WSJ: SEC Is Gearing Up to Focus on Ratings Firms.

Moves by Head of the Agency’s Office of Credit Ratings Signal Potential Flurry of Regulatory Activity

The government’s top credit-rating watchdog has kept a low profile since taking the job two years ago to help prevent another financial crisis. That may be about to change.

Thomas J. Butler, head of the Securities and Exchange Commission’s Office of Credit Ratings, said he has referred multiple cases to the agency’s enforcement division and is helping complete several industry regulations to address quality and transparency in how big debt deals are rated.

Those moves signal a potential flurry of regulatory activity involving ratings firms, which have been largely untouched as government oversight has increased in most other financial sectors in recent years.

Mr. Butler, a 56-year-old former Citigroup Inc. C -0.19% executive, has been relatively quiet since launching the office in 2012 to oversee firms including Standard & Poor’s Ratings Services and Moody’s Investors Service. MCO +1.06% The creation of the office was mandated in the Dodd-Frank financial-overhaul law.

His office has produced annual reports summarizing industry activity and monitored ratings firms to make sure they comply with existing rules that dictate how criteria are developed for evaluating bonds and whether internal protocols are followed, among other things. Mr. Butler’s office doesn’t have direct enforcement powers over firms, but monitors their activities and can make referrals to the unit headed by Andrew Ceresney, the SEC’s top enforcement chief, for potential action. Mr. Butler declined to say how many referrals he has made or what firms are involved.

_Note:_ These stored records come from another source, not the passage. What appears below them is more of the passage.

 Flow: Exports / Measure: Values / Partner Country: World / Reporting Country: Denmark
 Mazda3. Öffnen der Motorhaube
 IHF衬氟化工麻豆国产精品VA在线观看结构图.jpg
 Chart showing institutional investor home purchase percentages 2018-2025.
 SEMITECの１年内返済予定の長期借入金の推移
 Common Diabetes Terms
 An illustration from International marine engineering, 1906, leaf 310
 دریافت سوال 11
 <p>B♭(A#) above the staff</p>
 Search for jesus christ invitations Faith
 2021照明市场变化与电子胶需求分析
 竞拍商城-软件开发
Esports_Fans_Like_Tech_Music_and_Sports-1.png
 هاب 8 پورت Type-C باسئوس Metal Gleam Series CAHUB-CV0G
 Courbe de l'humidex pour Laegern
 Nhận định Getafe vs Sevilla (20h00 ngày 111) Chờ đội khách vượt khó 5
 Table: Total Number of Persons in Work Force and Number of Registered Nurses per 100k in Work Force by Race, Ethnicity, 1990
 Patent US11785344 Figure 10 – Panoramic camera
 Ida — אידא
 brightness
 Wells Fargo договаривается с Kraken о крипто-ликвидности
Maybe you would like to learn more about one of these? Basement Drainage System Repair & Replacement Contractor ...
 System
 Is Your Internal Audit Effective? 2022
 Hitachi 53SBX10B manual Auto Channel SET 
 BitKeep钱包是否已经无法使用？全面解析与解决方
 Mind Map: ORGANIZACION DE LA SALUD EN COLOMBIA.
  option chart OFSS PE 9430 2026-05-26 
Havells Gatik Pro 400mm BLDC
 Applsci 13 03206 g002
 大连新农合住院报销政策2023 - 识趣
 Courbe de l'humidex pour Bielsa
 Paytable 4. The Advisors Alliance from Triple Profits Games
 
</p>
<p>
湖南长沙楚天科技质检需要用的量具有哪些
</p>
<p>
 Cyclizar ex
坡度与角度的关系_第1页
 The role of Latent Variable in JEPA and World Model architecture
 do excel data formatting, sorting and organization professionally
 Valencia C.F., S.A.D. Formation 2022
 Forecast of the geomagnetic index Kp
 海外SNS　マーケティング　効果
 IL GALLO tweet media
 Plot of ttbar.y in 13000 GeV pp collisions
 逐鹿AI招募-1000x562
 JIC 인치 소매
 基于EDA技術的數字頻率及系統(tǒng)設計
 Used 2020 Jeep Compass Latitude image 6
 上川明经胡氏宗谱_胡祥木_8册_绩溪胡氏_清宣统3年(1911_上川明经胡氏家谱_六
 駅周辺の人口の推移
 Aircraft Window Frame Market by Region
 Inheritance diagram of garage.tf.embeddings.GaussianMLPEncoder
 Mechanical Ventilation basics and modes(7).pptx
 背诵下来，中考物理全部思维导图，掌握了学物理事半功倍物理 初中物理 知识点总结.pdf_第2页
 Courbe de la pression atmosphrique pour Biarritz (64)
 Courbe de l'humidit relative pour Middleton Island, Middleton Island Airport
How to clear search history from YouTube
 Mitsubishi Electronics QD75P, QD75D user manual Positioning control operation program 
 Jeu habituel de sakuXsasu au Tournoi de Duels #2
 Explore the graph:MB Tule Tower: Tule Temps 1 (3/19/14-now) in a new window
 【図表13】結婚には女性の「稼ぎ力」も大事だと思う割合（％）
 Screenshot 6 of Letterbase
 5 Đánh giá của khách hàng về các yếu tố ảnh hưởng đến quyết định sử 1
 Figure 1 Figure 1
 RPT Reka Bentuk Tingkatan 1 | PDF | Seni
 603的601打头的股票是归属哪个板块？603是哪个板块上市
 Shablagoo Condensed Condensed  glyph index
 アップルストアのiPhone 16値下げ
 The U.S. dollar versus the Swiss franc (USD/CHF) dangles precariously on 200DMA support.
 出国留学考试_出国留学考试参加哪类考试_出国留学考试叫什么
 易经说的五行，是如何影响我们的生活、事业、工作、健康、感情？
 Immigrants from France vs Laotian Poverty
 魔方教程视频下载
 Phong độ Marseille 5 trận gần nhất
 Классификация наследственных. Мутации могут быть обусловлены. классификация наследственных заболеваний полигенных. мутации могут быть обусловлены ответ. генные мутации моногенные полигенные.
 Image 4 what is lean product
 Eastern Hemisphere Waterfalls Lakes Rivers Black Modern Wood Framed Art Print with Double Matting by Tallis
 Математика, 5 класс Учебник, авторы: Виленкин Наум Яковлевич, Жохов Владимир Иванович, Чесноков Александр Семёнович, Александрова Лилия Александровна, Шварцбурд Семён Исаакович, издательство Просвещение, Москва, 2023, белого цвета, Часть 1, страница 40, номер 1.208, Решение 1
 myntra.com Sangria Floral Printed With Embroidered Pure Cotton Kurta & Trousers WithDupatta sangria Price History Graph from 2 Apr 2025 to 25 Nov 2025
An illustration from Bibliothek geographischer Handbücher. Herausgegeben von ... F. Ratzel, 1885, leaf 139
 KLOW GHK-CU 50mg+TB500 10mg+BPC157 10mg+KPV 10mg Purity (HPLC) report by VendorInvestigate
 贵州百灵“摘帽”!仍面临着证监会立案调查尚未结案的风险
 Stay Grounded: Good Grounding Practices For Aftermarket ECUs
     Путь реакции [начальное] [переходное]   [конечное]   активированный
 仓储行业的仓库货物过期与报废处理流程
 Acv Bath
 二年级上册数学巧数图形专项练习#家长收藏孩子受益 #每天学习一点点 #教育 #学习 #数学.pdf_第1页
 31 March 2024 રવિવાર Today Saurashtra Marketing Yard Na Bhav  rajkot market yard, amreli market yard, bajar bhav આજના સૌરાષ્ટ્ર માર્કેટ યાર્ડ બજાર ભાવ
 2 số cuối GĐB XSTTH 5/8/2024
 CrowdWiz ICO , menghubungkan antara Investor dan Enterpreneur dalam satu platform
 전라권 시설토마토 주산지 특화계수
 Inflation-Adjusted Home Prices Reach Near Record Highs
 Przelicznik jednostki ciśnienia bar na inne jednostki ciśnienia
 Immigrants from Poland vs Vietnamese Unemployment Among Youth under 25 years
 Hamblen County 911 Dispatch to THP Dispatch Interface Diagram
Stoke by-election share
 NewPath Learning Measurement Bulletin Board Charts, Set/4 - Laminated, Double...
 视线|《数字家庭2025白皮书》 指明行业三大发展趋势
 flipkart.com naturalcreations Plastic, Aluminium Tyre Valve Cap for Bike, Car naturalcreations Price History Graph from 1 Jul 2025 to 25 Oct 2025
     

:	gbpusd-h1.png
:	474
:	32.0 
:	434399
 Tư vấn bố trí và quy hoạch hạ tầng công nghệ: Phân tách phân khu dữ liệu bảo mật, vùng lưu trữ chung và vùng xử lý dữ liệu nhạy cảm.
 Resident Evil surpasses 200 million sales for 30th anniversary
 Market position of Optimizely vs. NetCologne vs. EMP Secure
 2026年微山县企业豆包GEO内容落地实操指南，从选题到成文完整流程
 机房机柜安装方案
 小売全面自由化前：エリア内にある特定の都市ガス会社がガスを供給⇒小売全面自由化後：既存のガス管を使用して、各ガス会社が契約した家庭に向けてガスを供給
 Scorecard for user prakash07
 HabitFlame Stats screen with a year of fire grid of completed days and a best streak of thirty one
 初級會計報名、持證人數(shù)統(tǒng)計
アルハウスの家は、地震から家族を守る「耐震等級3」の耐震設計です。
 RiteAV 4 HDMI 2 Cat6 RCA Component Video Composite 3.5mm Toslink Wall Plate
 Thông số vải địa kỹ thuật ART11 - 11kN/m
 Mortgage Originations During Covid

Some critics have questioned whether the office has moved quickly enough to bring substantive changes to an industry widely blamed for helping trigger the financial crisis, largely by giving top ratings to mortgage bonds that later soured and left investors with billions in losses.

They point out the three biggest firms—S&P, Moody’s and Fitch Ratings—still dominate the industry, despite lawmakers saying they hoped to attract new entrants. Momentum to adopt major revisions, such as changing the business model or standardizing ratings across asset classes, also has petered out.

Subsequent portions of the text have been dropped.